We have defined the freuency-time vector as a two dimensional array which contains the amplitudes of the discrete frequency components of the sound signal over small sampling windows, called the hamming windows. We have taken rectangular hamming windows for simplicity, i.e. the weightage of the signal component over the whole window is same. Other types of hamming windows can be gaussian, triangular etc. We have taken the length of the hamming window to be 0.05 seconds, i.e. 400 samples/window, since sampling rate was 8000 samples/second.
The frequency time array a[x][y] for xth frequency component, and yth hamming window was obtained using the discrete time fourier formula
a[x][y] = abs(Summation over i (exp (j*2*PI*f[x]*i/Sampling_rate) ))

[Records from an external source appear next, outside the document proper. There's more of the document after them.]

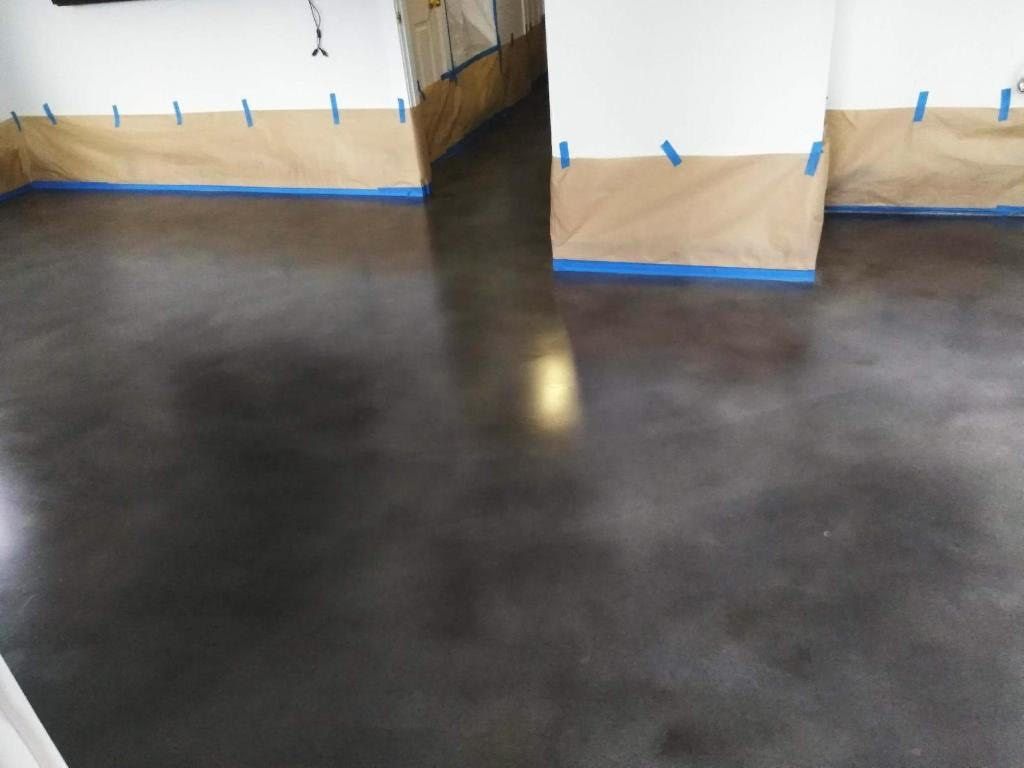 A concrete floor in a room with blue tape on the walls
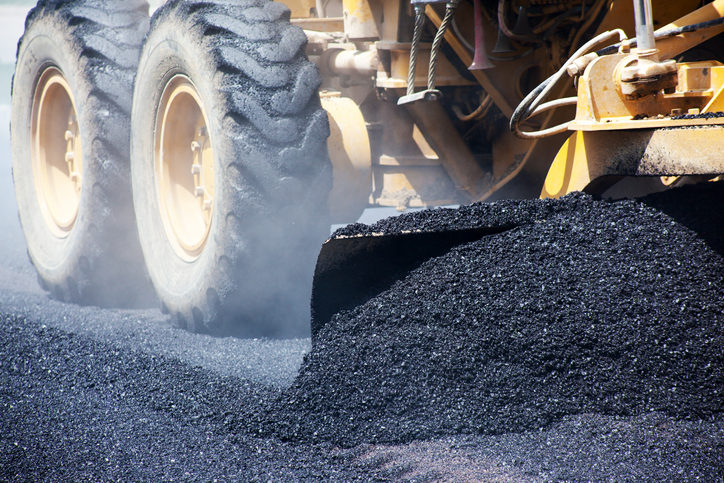 Asphalt being laid in a parking lot. Learn the asphalt paving dos and don'ts here!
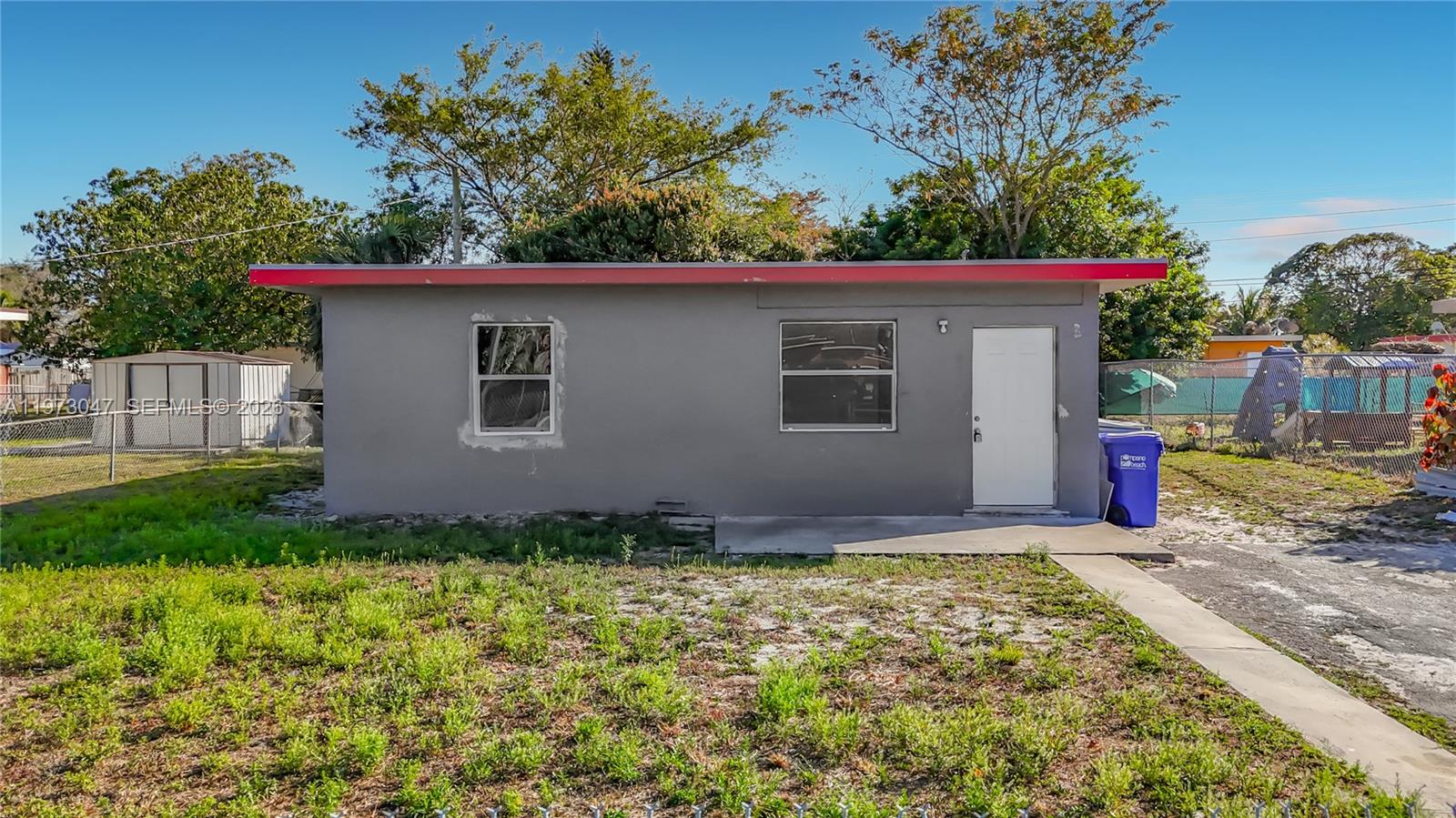 2408 Northwest 8th Street Pompano Beach, FL 33069 - Photo 9 of 24 a view of backyard of house with green space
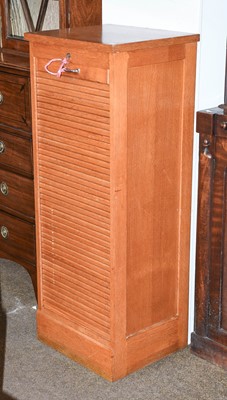 Lot 1232 - A 20th Century Oak Tambour-Front Tall Cabinet,...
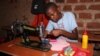 Girls at the Parents Care Infant Academy, including 14-year-old Catherine Nantume, are sewing a reusable sanitary towel in Makindye Kampala.
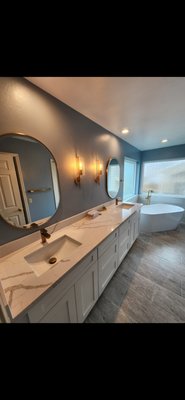Primary Bathroom Remodel - For this primary bathroom, we replaced the drop in tub with a free standing, updated the cabinets and countertops, and remodeled the walkin shower. Primary Bathroom Remodel - For this primary bathroom, we replaced the drop in tub with a free standing, updated the cabinets and countertops, and remodeled the walkin shower.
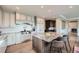 Spacious kitchen with granite countertops, a large island with seating, and professional-grade stainless steel appliances at 770 International Isle Dr, Castle Rock, CO 80108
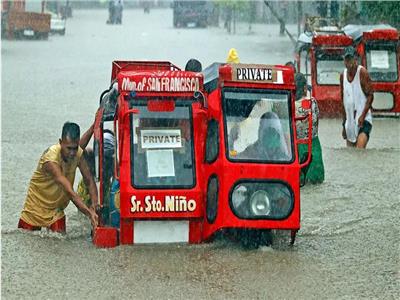 أشخاص يجرون عربة في شارع غرق جرّاء الأمطار الغزيرة في مينداناو في الفليبين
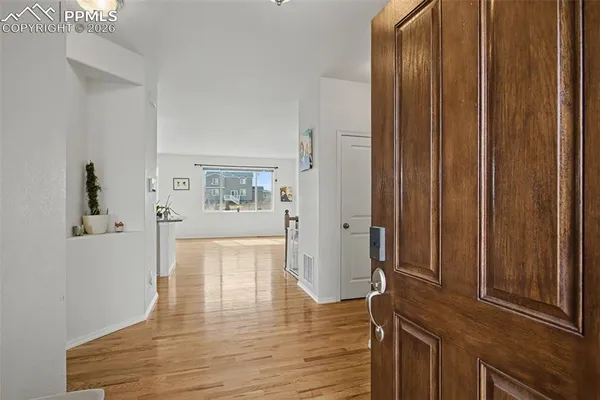 a view of a hallway with wooden floor and windows
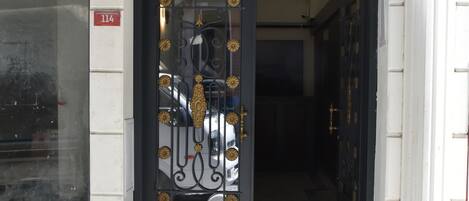 The entrance to Shishly Palace Hotel with a black sign above the door.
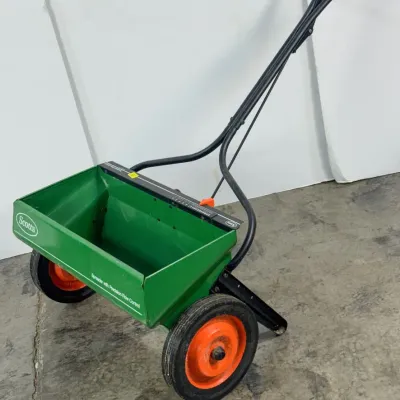 Sale Photo Thumbnail #226: Scotts drop spreader with precision flow control, featuring a green hopper, orange wheels, and a black handle.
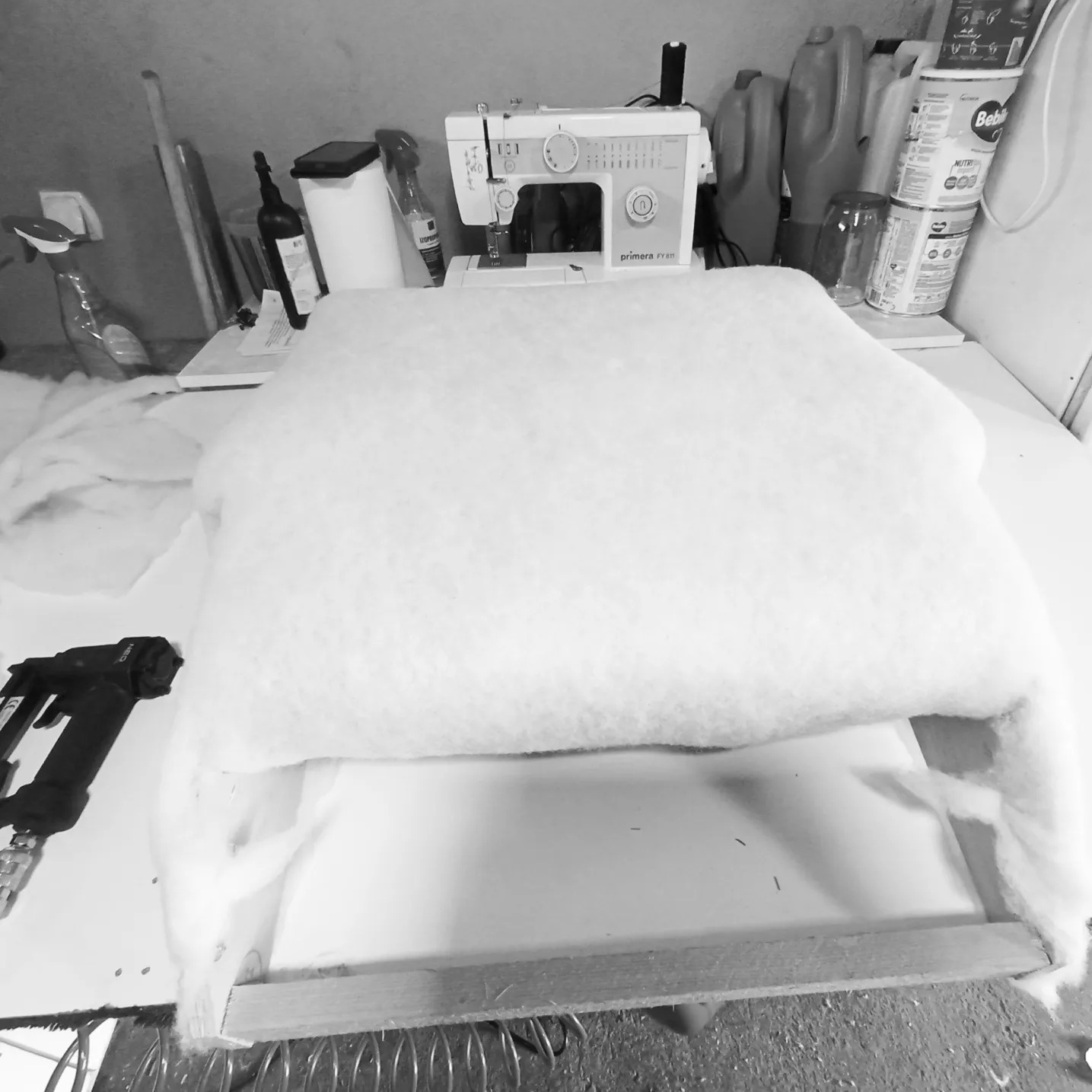 Fotel w trakcie renowacji: biała, puszysta warstwa waty tapicerskiej naciągnięta na drewniany szkielet siedziska, obok zszywacz tapicerski, w tle maszyna do szycia i akcesoria.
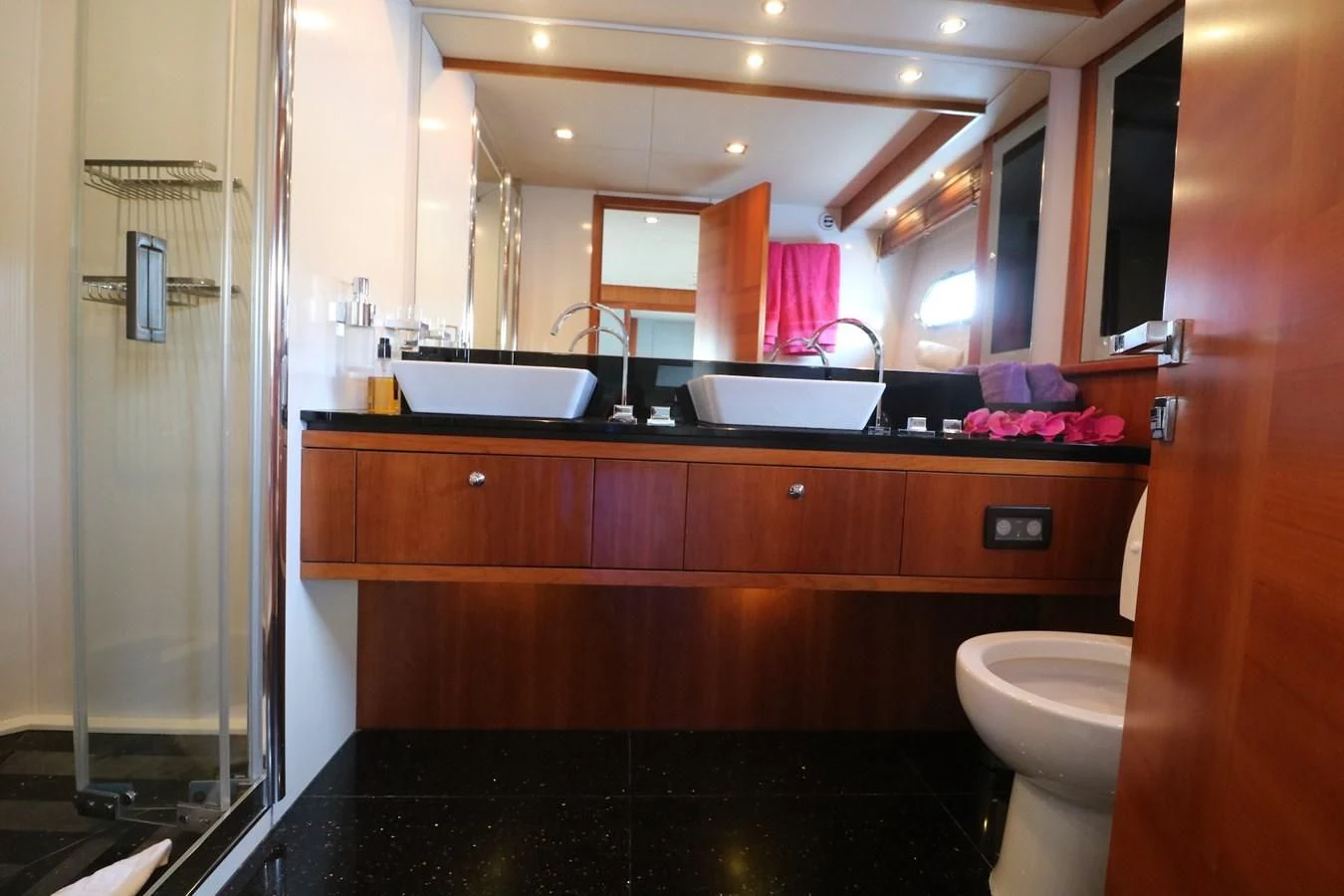 a bathroom with a sink and a toilet aboard LI-JOR Yacht for Sale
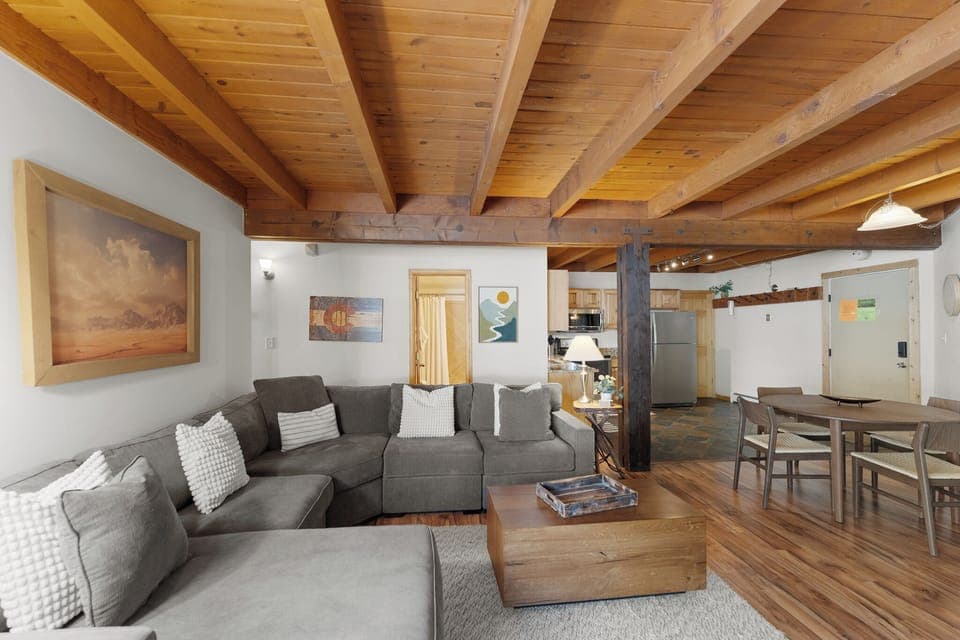 Cozy living area with flat screen TV, gas fireplace, ample seating and access to the private back deck.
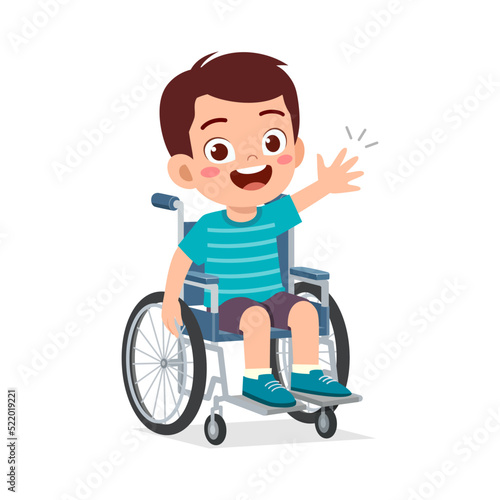 little kid sit on wheelchair and feel happy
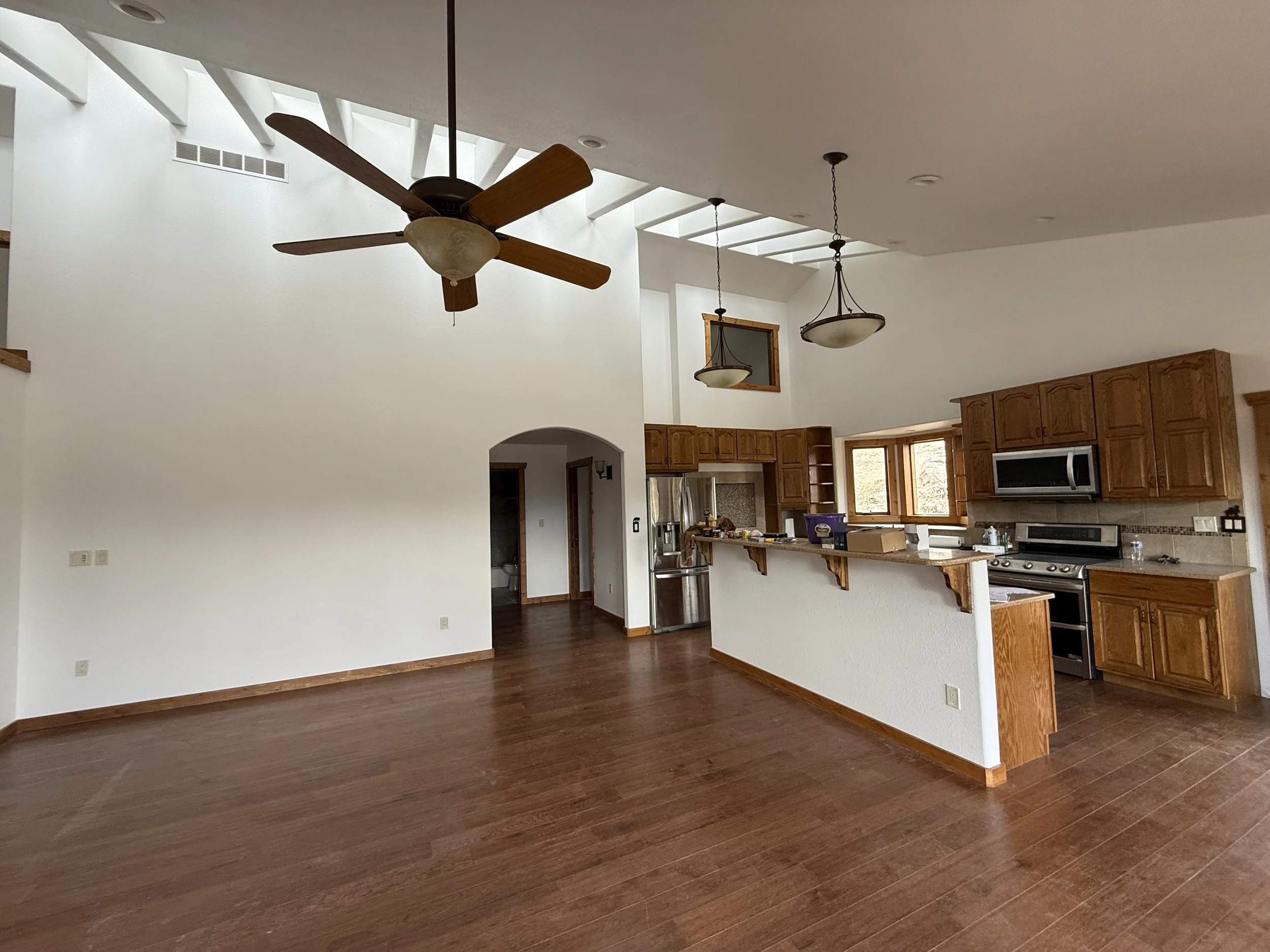 Open-concept kitchen and living space with wood floors, kitchen cabinets, and ceiling fans.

Now we could obtain the frequency time vector in many ways. It could be variable length, the length depending upon the time taken by the speaker to speak the word, or could be fixed length. When we take the fixed length frequency vector, we sample the frequencies of the word at larger intervals of time if the length of the word is larger, and do otherwise if the length is smaller. In this way we get the fixed length frequency vector.
Now we obtain the reference frequency vectors, after training the data vectors through a neural network (discussed later), and store them in a reference data file matrix.dat. When we are running our program for word recognition, we find out the frequency-time vector of the input word, and then take its inner product with the reference vectors. The output is the word corresponding to the maximum inner product value.
The results obtained in this way were found out to be very unsatisfactory, even for single speaker ( some observations ), primarily because when we are segmenting the words, due to the large variation in the initial silence period, the corresponding parts of the words were not coinciding in the in the frequency time vector.
So, we are taking another approach: find the frequency vectors after
coinciding the positions corresponding to peak amplitude value of the words.
In this way we are getting better results, but our analysis is still
incomplete. But for some speakers the peak amplitude in the word doesn't
correspond to the same syllable each time the word is spoken, which may
create a problem.